Your assignment:
The expected output is the data below, character for character, without its pictures.

Dataset entries START

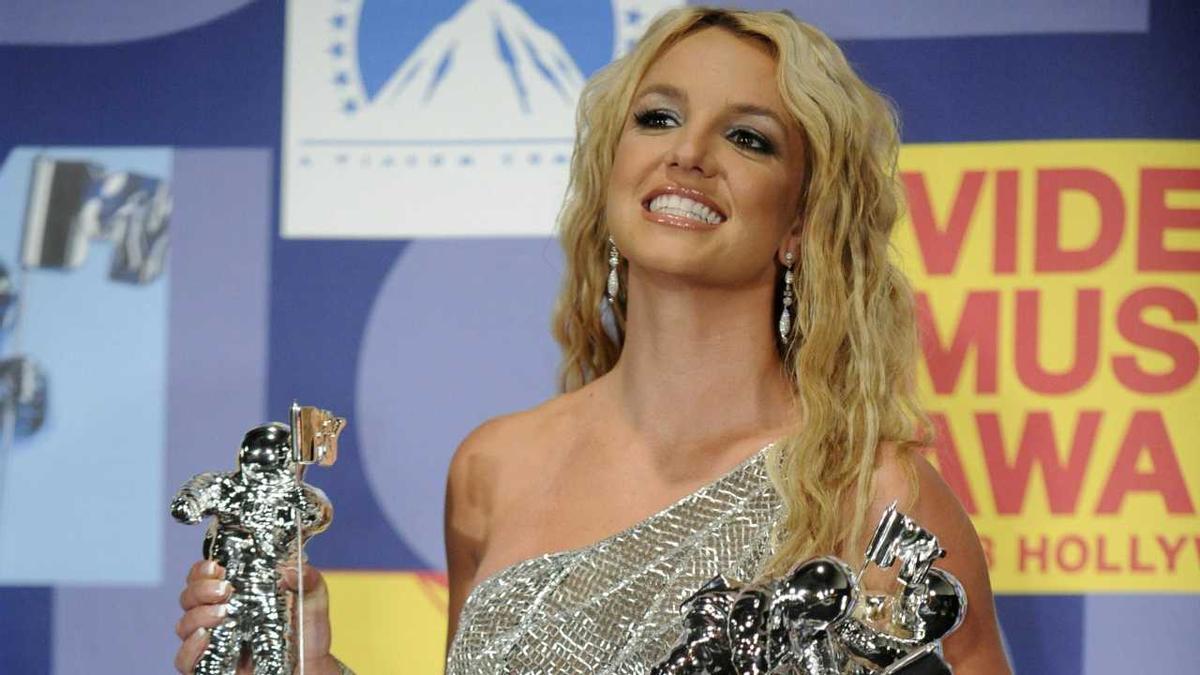 Britney Spears rebent un premi MTV el 2008.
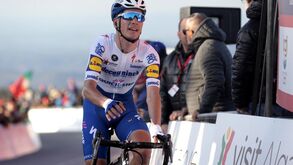 João Almeida segundo na 1.ª etapa da Volta a Burgos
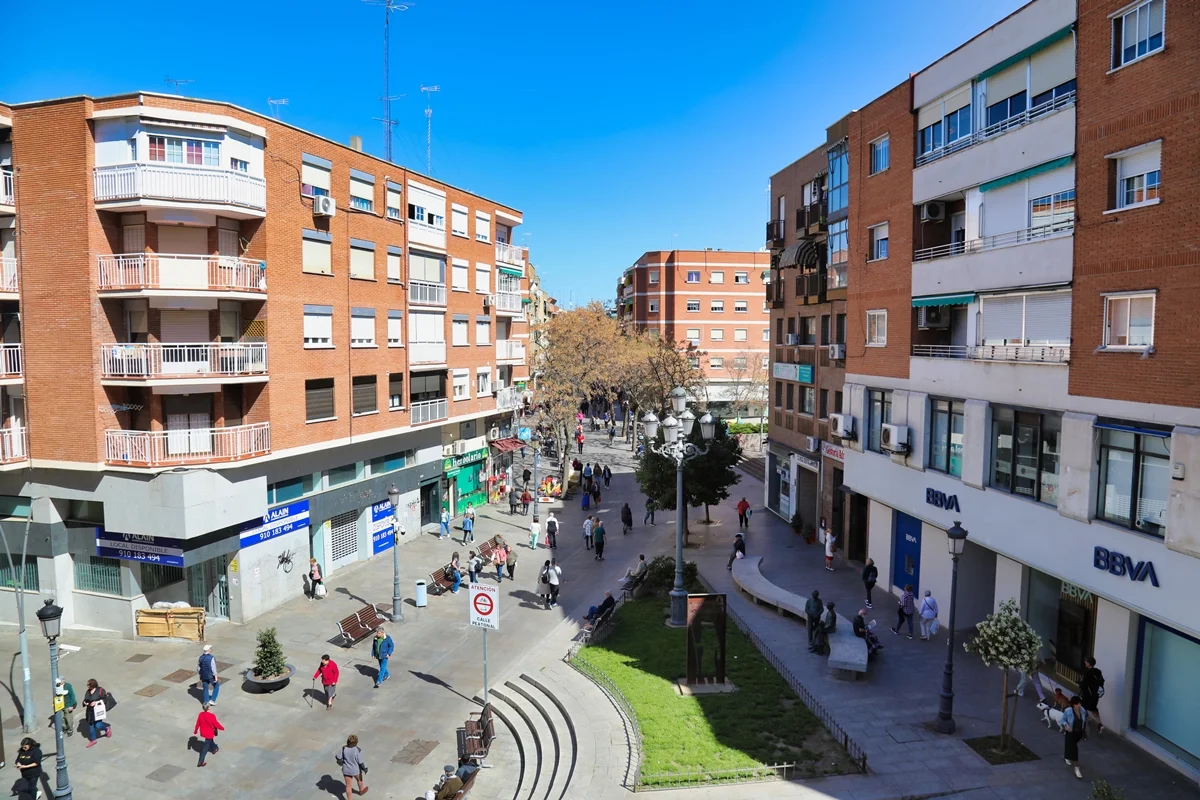 Calle Mayor de Alcorcón, sede de Gestoría Blanco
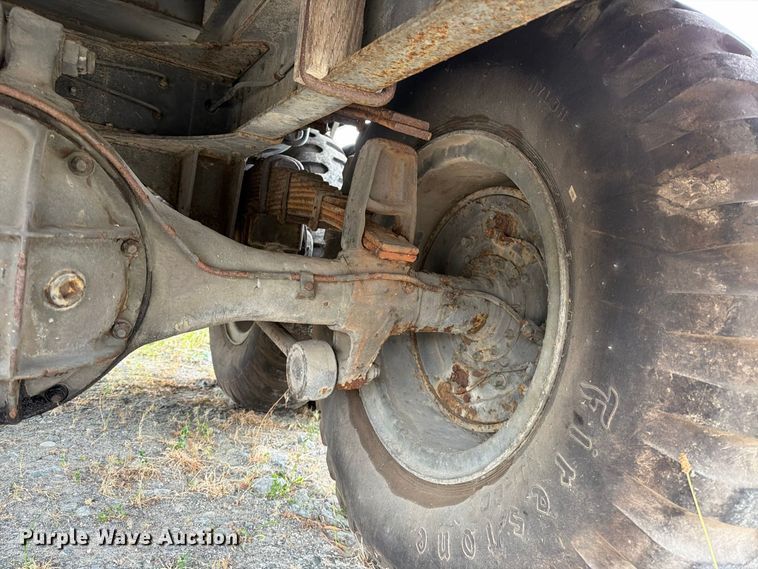 image for item YA4647 1952 GMC General flatbed truck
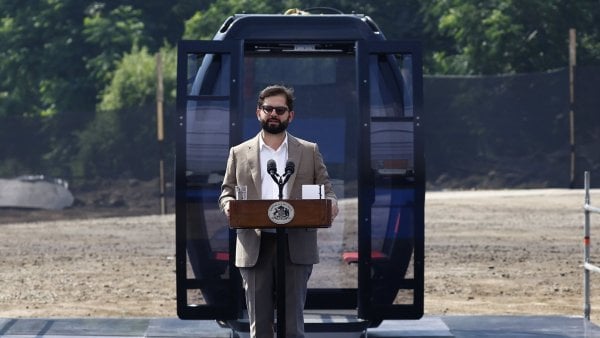 Boric da inicio a construcción de Teleférico Bicentenario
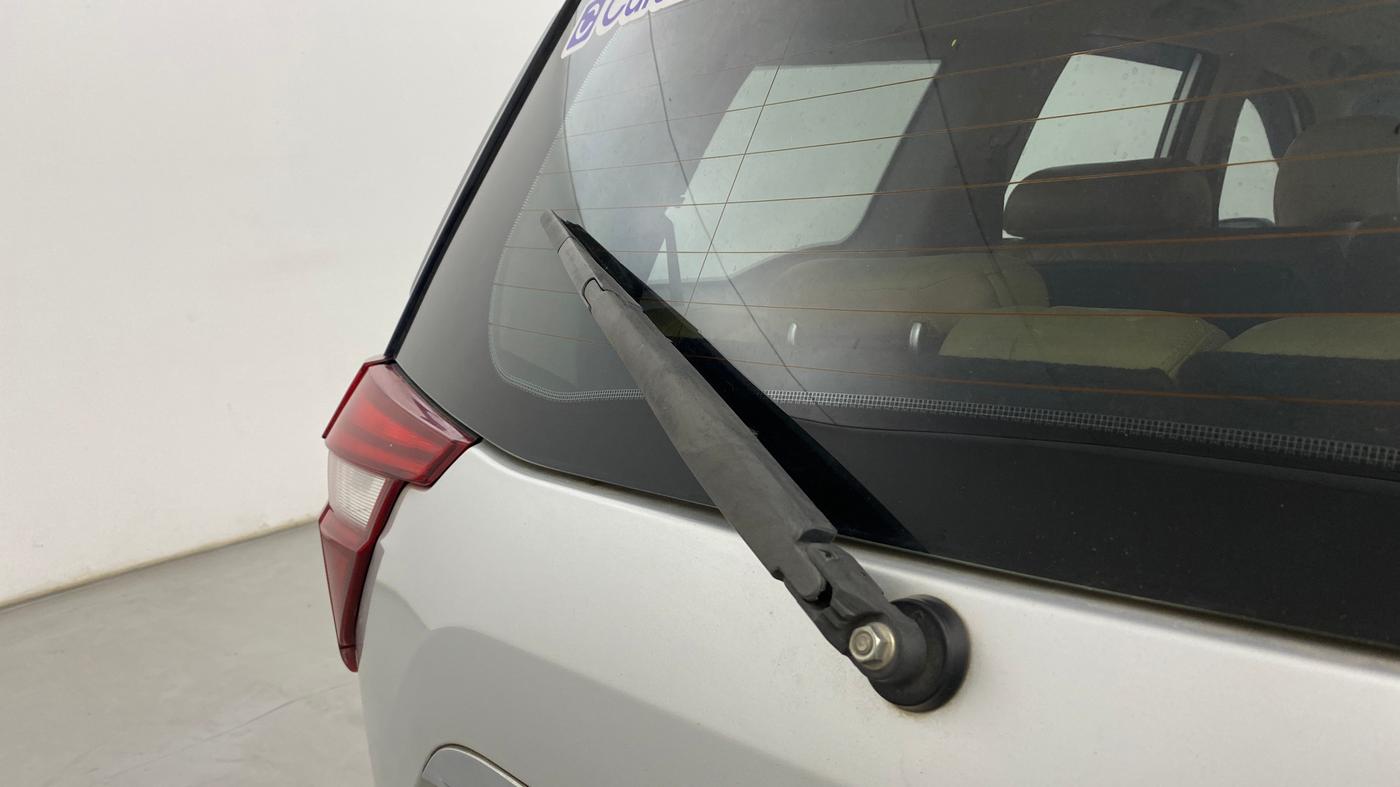 2020 Mahindra XUV500 W11 AT, Diesel, Automatic, 1,40,338 km, Rear Wiper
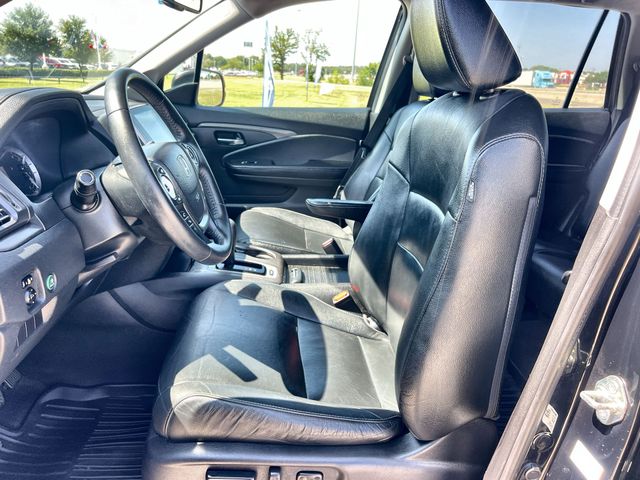 Thumbnail: 2017 Honda Pilot - 12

Dataset entries END

Result for this exercise:
 Britney Spears rebent un premi MTV el 2008.
 João Almeida segundo na 1.ª etapa da Volta a Burgos
 Calle Mayor de Alcorcón, sede de Gestoría Blanco
 image for item YA4647 1952 GMC General flatbed truck
 Boric da inicio a construcción de Teleférico Bicentenario
 2020 Mahindra XUV500 W11 AT, Diesel, Automatic, 1,40,338 km, Rear Wiper
 Thumbnail: 2017 Honda Pilot - 12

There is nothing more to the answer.